DESCRIPTION OF THE TASK — Copy out the data that comes next, character for character, and leave the images aside.

INPUT DATA —
►

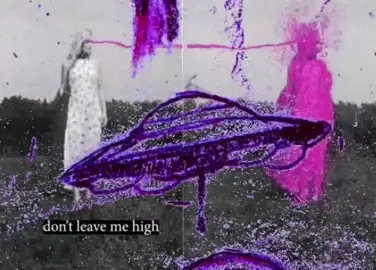 #fyp #radiohead #highanddry #thebends #edit #lyrics 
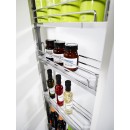 pm_11812_578_578761-9rg3ccv92q-whr.jpg KESSEBÖHMER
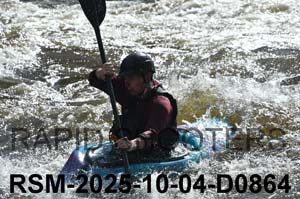 RSM-2025-10-04-D0864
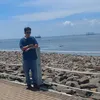 nashifarkan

◄

WRITTEN SOLUTION —
 #fyp #radiohead #highanddry #thebends #edit #lyrics 
 pm_11812_578_578761-9rg3ccv92q-whr.jpg KESSEBÖHMER
 RSM-2025-10-04-D0864
 nashifarkan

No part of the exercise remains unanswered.